Ahead of fourth quarter and full fiscal 2023 financial results from Electronic Arts, due after market close on Tuesday, Handler said he’s expecting earnings to be in-line with estimates and is calling for Q4 revenue of $1,722.4 million, which would be down compared to $1,751.0 generated a year earlier, and EPS of $1.30 per share, which would also be lower than last year’s $1.46 per share.
Handler said the focus will be on management’s outlook for the fiscal year ahead, as per usual. At the moment, the analyst is forecasting fiscal 2024 revenue of $7,430.4 million and EPS of $6.30 per share.
Aside from the top and bottom numbers, Handler said it’s the development outlook that will be crucial. He noted that about a year ago, EA spoke of over 25 full games and a number of mobile titles in various development stages across 21 EA studios worldwide. But since then, Apex Legends for Mobile along with Battlefield Mobile were shut down, and Handler thinks it wouldn’t be a surprise to see more titles ditched.

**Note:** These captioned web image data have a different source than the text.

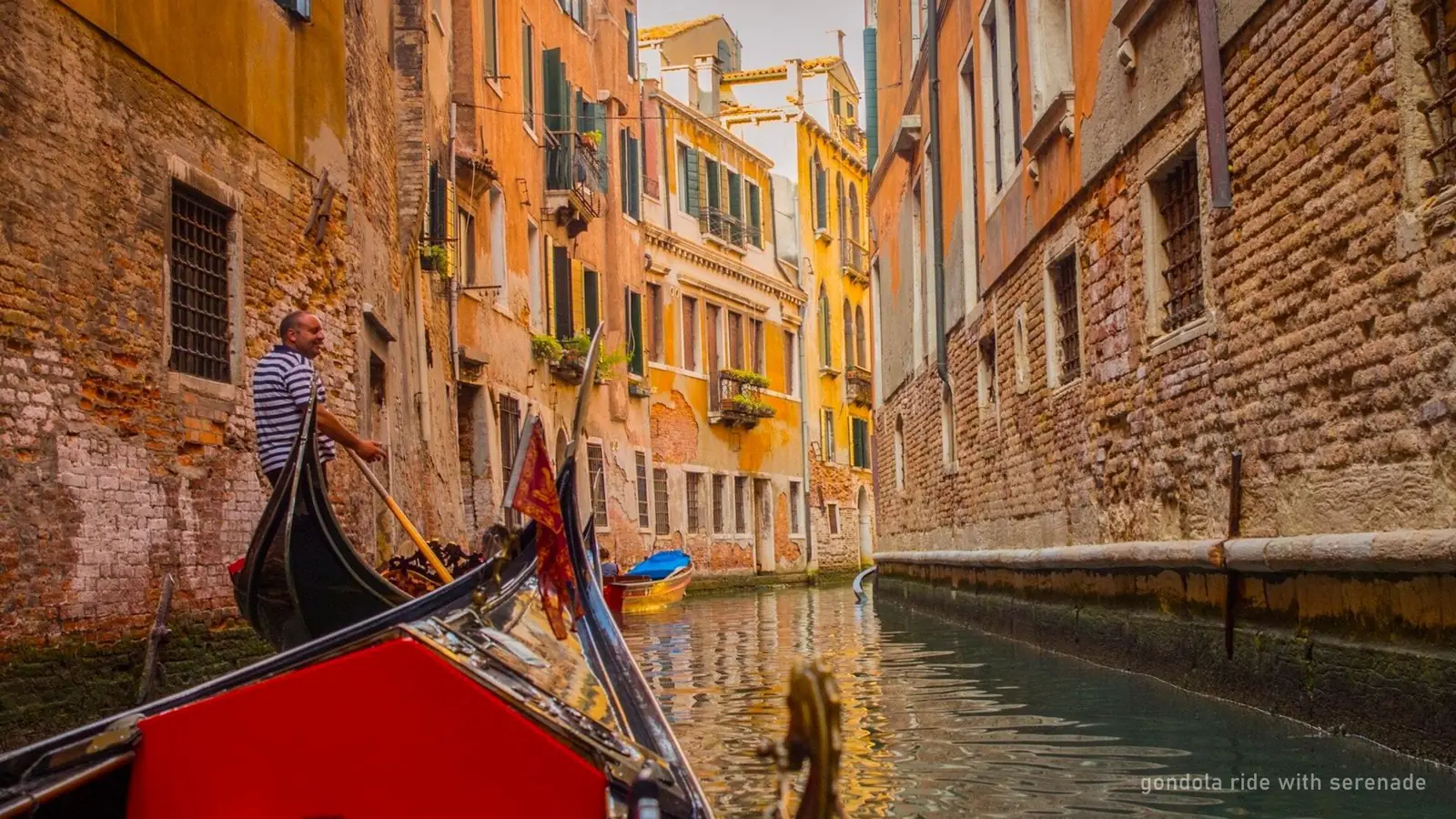 Gondola Ride with a Serenade in Venice: Private Boat — photo from the booking listing, Venice Gondola, Venice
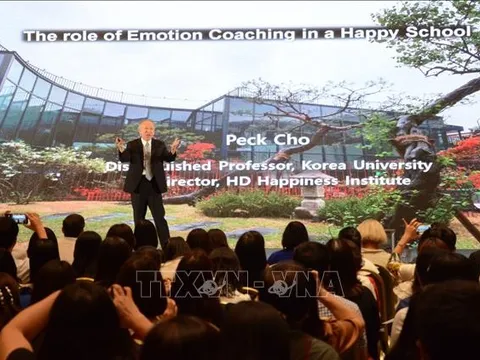 Trường học hạnh phúc và vai trò quan trọng của người Hiệu trưởng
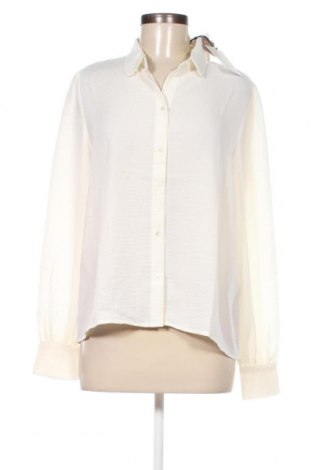 Γυναικείο πουκάμισο Jdy, Μέγεθος L, Χρώμα Εκρού, Τιμή 6,80 €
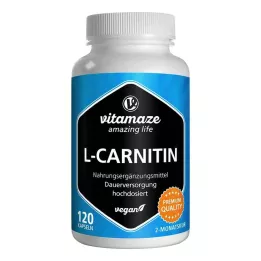L-CARNITIN 680 mg gélules végétaliennes, 120 pc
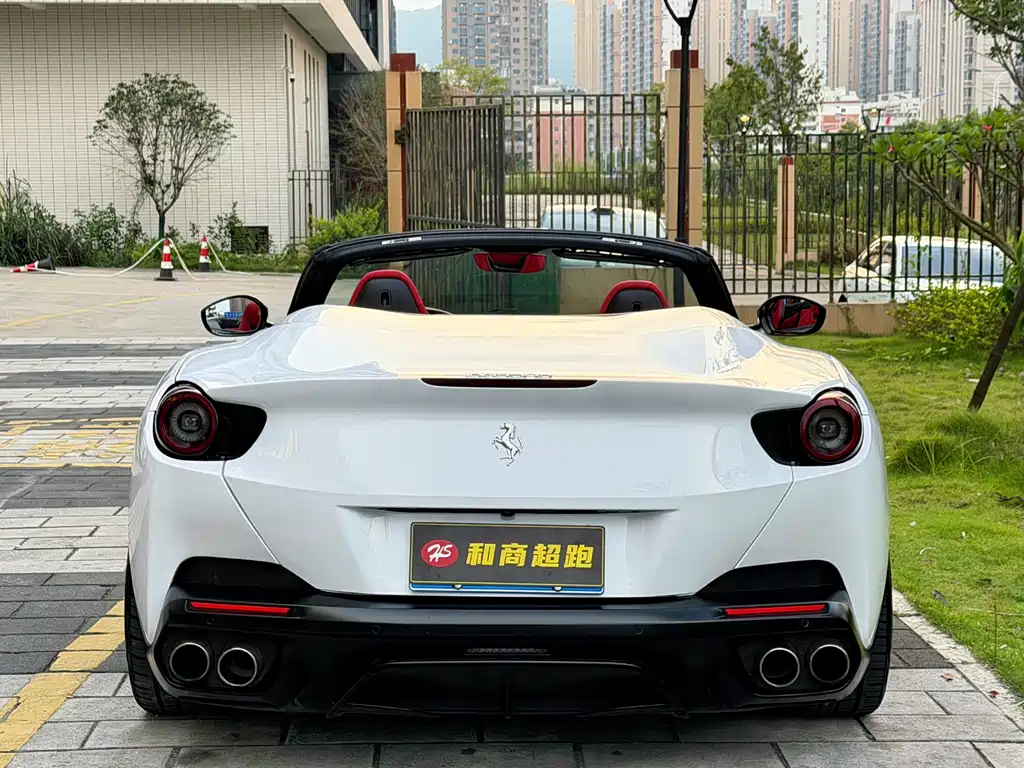 Portofino 2018 3.9T купить на сайте DeffCars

“What keeps us sidelined with EA shares right now is geared towards bookings trends,” Handler wrote. “Specifically, there is a fair amount of uncertainty regarding what games remain in the development pipeline and the timeline for their various releases. In addition, visibility into stabilization for the mobile segment still appears limited. We would be much more constructive towards EA if we felt more comfortable in the company being able to consistently achieve annual bookings and EPS growth of mid-single digits and double digits, respectively, as was the case from FY14-FY20.”
EA’s share price has been sliding over the past couple of years, going from about $145 in early June of 2021 to now around the $125 mark. With his “Neutral” call, Handler increased his 12-month price target on the stock from $112 to $130, appealing to the company’s restructuring initiatives, the potential for earnings upside in the year ahead and rising market valuations.
The $130 target, which at press time equates to a potential return of 3.7 per cent, is based on a 20.5x multiple of Handler’s fiscal 2024 EPS, which is in-line with the analyst’s ten-year average on the stock.